It would be easy to brand the new Kia XCeed as little more than a regular Ceed hatchback with a suspension lift.

That would rather miss the point, however, and as a measure of how seriously Kia takes this latest edition to its range, consider this: with the exception of the front doors, every single body panel is new.

Measured against a regular Ceed, it’s 85mm longer with increased overhangs front and rear, while the body is 26mm wider.  Ground clearance is up to a useful 184mm, making it 48mm taller than a Ceed – but it’s still 150mm shorter than a Sportage.

That gives the first clue as to why Kia thinks this niche is important; the practicality of an SUV, but with none of the bulk.  They’ve even coined a new term for it: CUV, or Crossover Utility Vehicle.

Visually, it bears many hallmarks: the black sill and wheel-arch extensions of an SUV, the compact dimensions of a hatchback, but the rakish, swept-back lines of a coupe.

Thankfully, Kia’s designers have given the XCeed the detailing it needs to marry this all together, with its own bumper and grille designs, re-profiled headlights and unique tail-lights, both with funky LED illumination.

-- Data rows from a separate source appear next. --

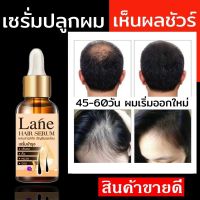 ?สินค้าขายดี? SERUM น้ำยาปลูกผม ยาปลูกคิ้ว ยาปลูกหนวด ยาปลูกผม หัวเถิกปลูกผม ทำให้ผมหนา X1ขวด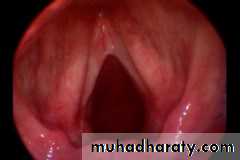 Congenital Abnormalities of Larynx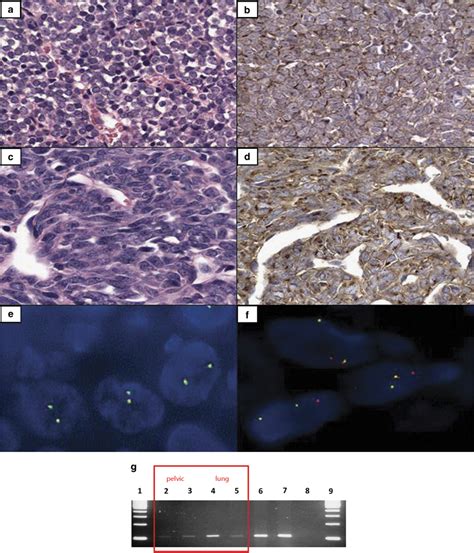 Poorly Differentiated Synovial Sarcoma Arising In The Pelvis With A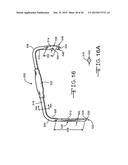 Retractor Tool For Minimally Invasive Hip Replacement Surgery diagram and image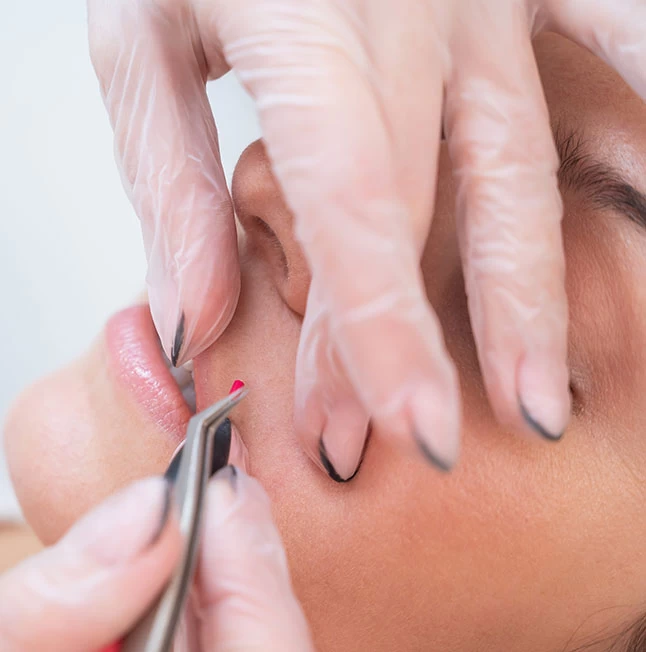 Hair Removal Methods — Electrolysis Beauty Lounge
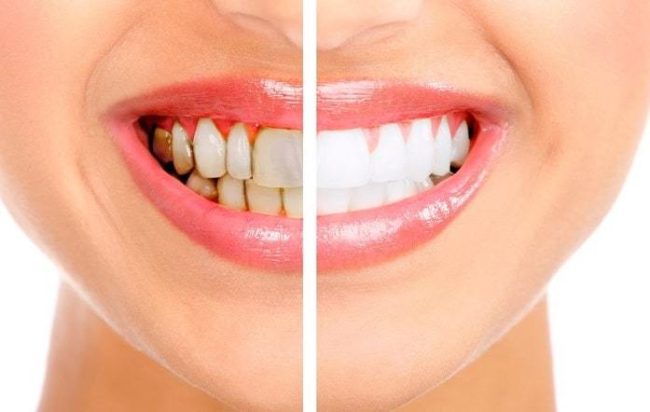 Are Crest Whitening Strips Safe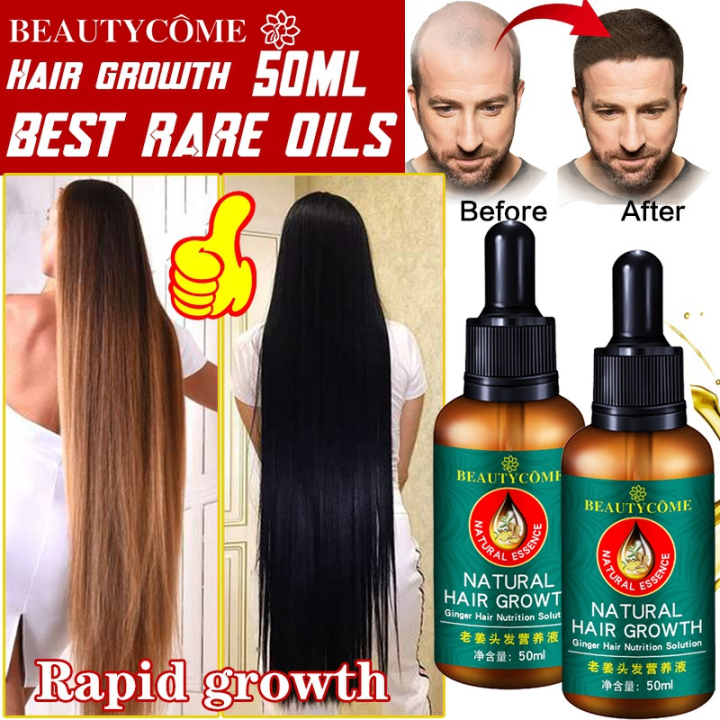 Ginger Hair Growth Essence Anti Hair Loss Serum Fast Hair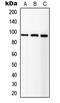 Insulin Like Growth Factor 1 Receptor antibody, LS-C352366, Lifespan Biosciences, Western Blot image 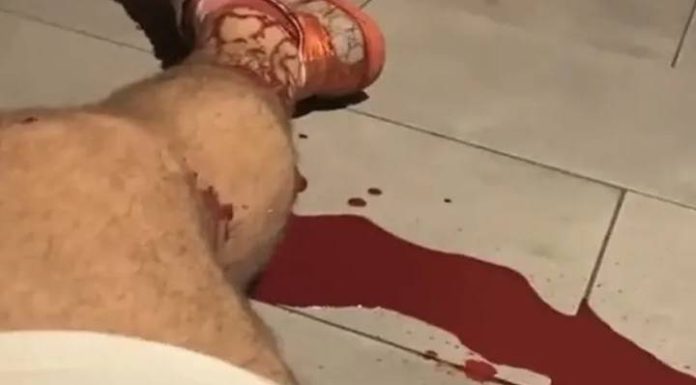 Homem sofre hemorragia na perna e sangra até a morte em Penha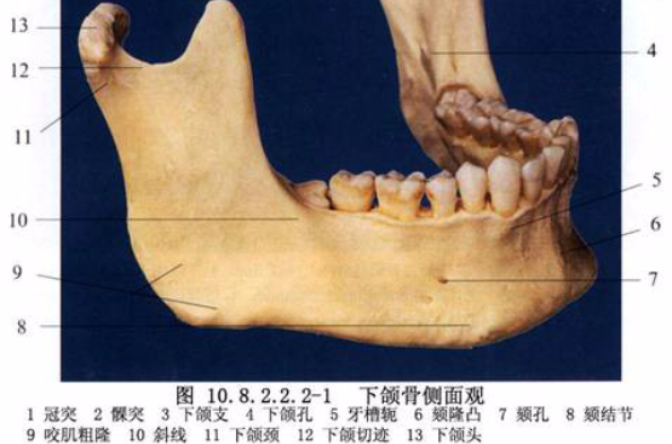 下頜體後部截骨術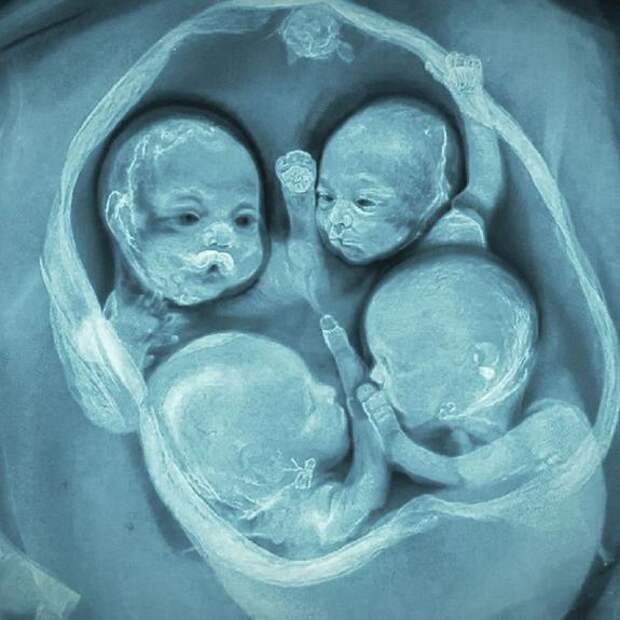 В Петербурге впервые в России родились однояйцевые четверняшки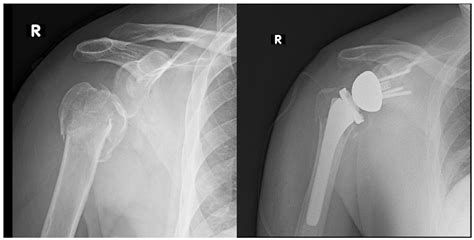 JCM | Free Full-Text | The Evolution of Reverse Total Shoulder ...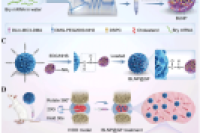 抗炎修复双效！岩藻多糖微球载转录因子，逆转椎间盘退变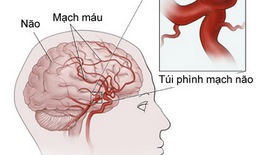 Cần phát hiện sớm phình mạch não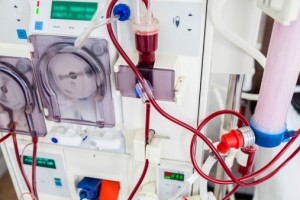 dialysis machine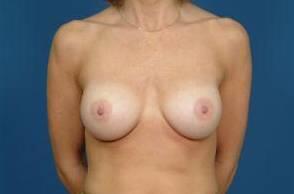 Breast Implant Correction Before & After Image Patient 27003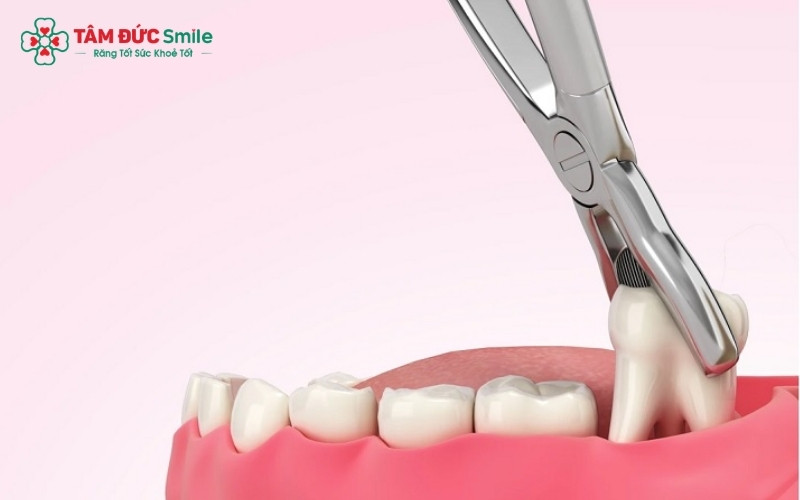 Nhổ 2 răng khôn cùng phía giúp tiết kiệm thời gian và thuận tiện hơn trong việc ăn nhai sau tiểu phẫu.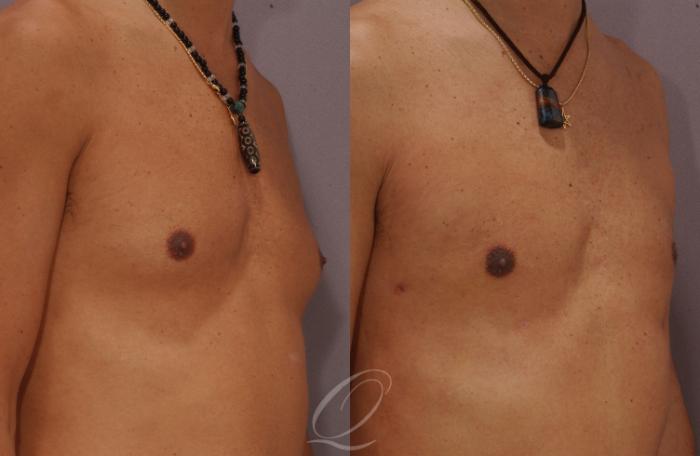 Male Breast Reduction Case 188 Before & After View #2 | Serving Rochester, Syracuse & Buffalo, NY | Quatela Center for Plastic Surgery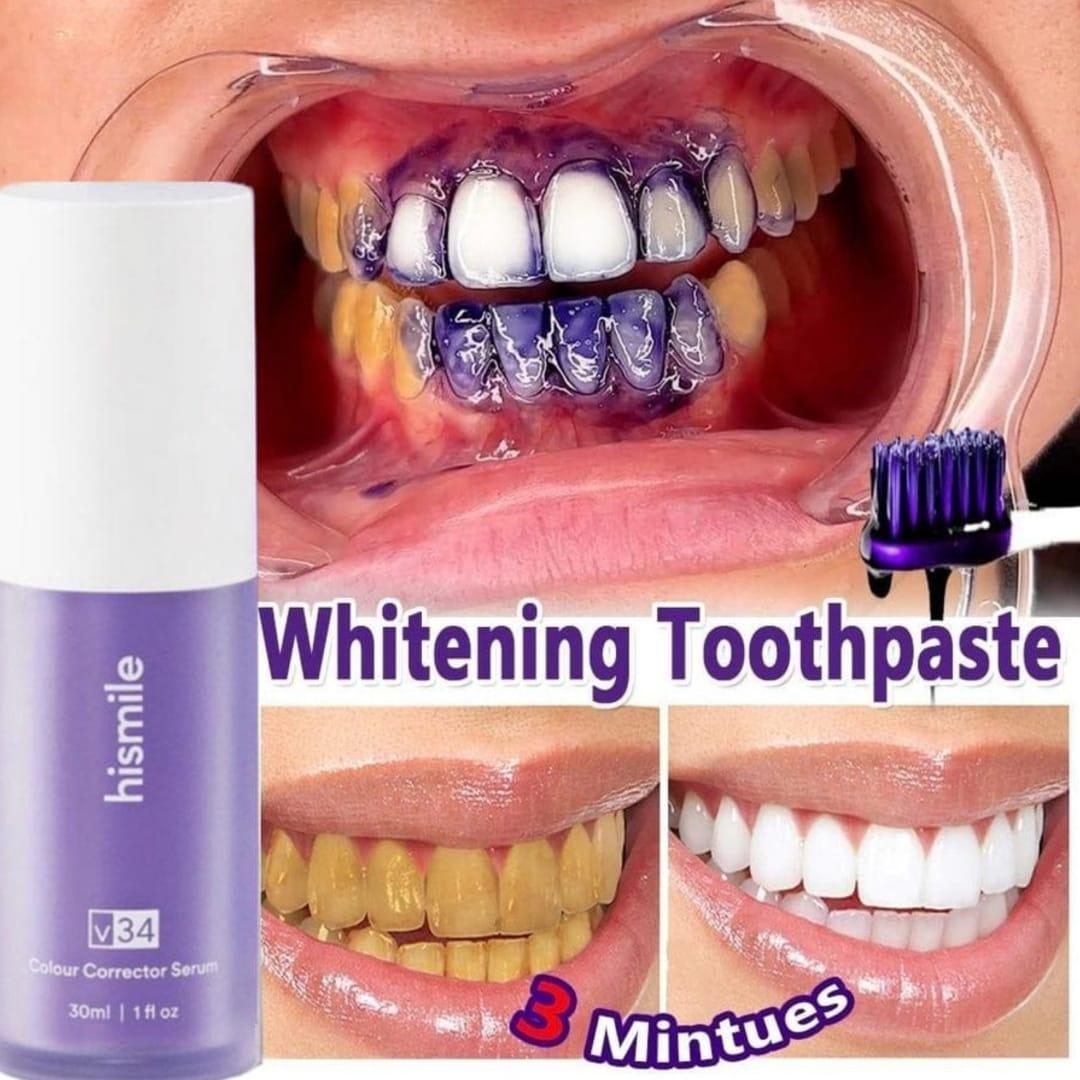 Teeth Whitening  Pack of 1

That same jazzing-up of the details makes its way into the cabin, too.  The structure may be familiar, but opt for the range-topping First Edition in Quantum Yellow, and there’s a liberal sprinkling of yellow trim highlights and contrast stitching across the seats and doors.

Even more noticeable is Kia’s use of tech.  Climb aboard and the XCeed shows off its new 12.3-inch ‘Supervision’ digital instrument cluster with a swishy-swoopy animation that’s actually quite good fun to watch.

The cluster itself is typically clear and easy to read, although there’s no rolling map, nor the ability to retain the digital speedo while viewing, say, navigation instructions.  It’s a little over-bright, too, with very little difference between max and min brightness settings.

Top-spec models pair this with a new 10.25-inch touch-screen for the infotainment system.  Its split-screen functionality comes in handy, allowing passengers to fiddle with your playlist without hiding the navigation display, although I particularly appreciated the wide-screen map view.  It makes navigating on unfamiliar roads a doddle, while the highlighting of traffic flows makes it easy to plan ahead.

There’s impressive tech elsewhere, too.  All models have Apple CarPlay and Android Auto, keyless entry, LED headlights with high-beam assist, LED tail-lights, reversing camera, cruise control, lane keep assist and collision avoidance, while the range-topping First Edition adds a panoramic sunroof, JBL sound system, wireless phone charger, smart cruise control on DCT models, blind spot warning, parking assistance, and a smart power tailgate.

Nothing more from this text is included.